Giving Pauling only 12 months of runway appears particularly prescient in hindsight. He moved with alacrity to study the structure of hemoglobin, a protein still poorly understood despite its central importance to life and medicine. Within eight months, Pauling had discovered that the chemical formulas reported in the literature for hemoglobin were incorrect.
Early results in hand, Pauling moved in September 1934 to expand the Rockefeller Foundation’s support for his research program, which encompassed not only the x-ray crystallography hemoglobin research, but also parallel pursuits to elucidate the structures of inorganic compounds. However, Weaver’s division was now focused solely on advancing “the science of Man,” and so he pushed Pauling to pursue research that Weaver himself felt to be most important.
At the same time, Weaver knew it would be disruptive to simply cut funding off for Pauling’s ongoing, inorganic research agenda.

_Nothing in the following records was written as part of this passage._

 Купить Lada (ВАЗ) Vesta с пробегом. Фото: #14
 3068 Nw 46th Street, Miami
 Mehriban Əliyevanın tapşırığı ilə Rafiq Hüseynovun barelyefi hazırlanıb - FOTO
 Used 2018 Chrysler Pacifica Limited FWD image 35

The goal, as with all Natural Sciences grants at the time, was to enable preliminary work that could later be expanded into standalone institutes and research fields. Weaver wanted to wean Pauling off of Rockefeller Foundation support, and so rejected Pauling’s request and tasked him with finding an alternative source of funding (Pauling to Weaver, Sept 1934).

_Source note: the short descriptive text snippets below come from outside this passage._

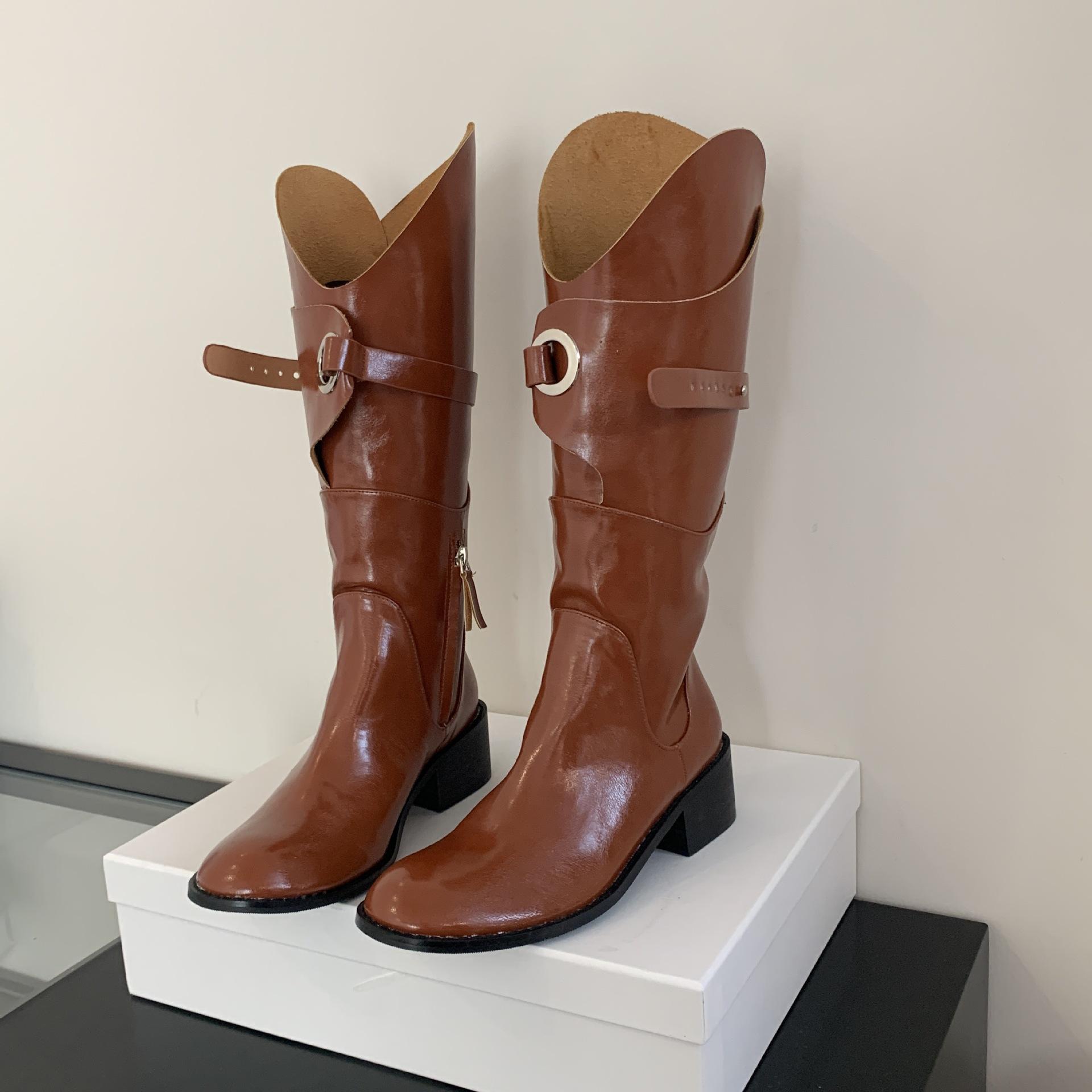 

2025 autumn and winter women s medium boots thick heel belt buckle European, American British retro short boots Martin boots 39 светло-коричневого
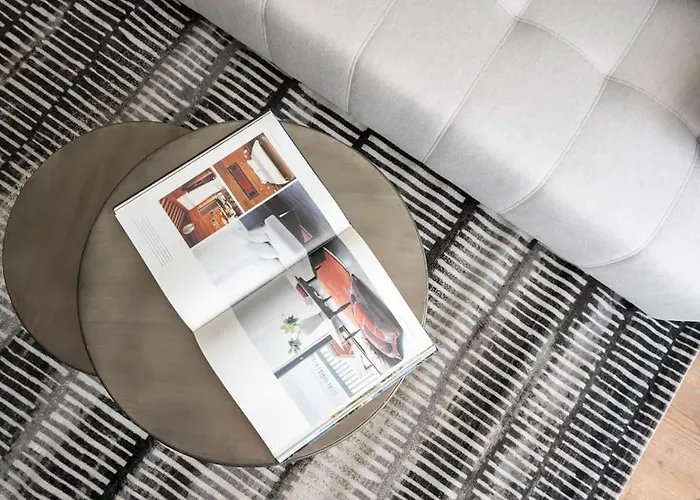 Stunning Views 2br Midtown Flat - Charming Balcony * Bukarest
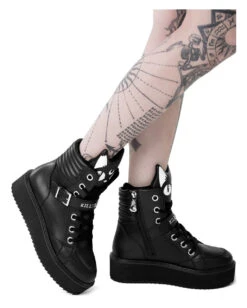 KILLSTAR Keiko Kitty High Top Sneaker 9 KILLSTAR Keiko Kitty High Top Sneaker -Spooky Fun Günstiges Geschäft killstar keiko kitty high top sneaker gothic fashion und accessoires online kaufen 51605 5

Weaver soon found a way to simultaneously achieve all of his goals. Natural Sciences officer Frank B. Hanson visited Pauling in November 1934. The two men came to an agreement: Pauling would try to convince Caltech’s President, Robert Millikan, to provide $5K each year (of Caltech funds) to support his inorganic research agenda. In return for that commitment, Weaver’s team would provide $10K/year for Pauling’s organic research. Moreover, the longer the commitment that Pauling could extract from Caltech, the longer the commitment from Weaver (FBH 1934 diary).
The following week, Weaver sent a letter to Pauling and notified him that an extended commitment from the Rockefeller Foundation was contingent on the Caltech contribution (Weaver to Pauling, Nov 23 1934).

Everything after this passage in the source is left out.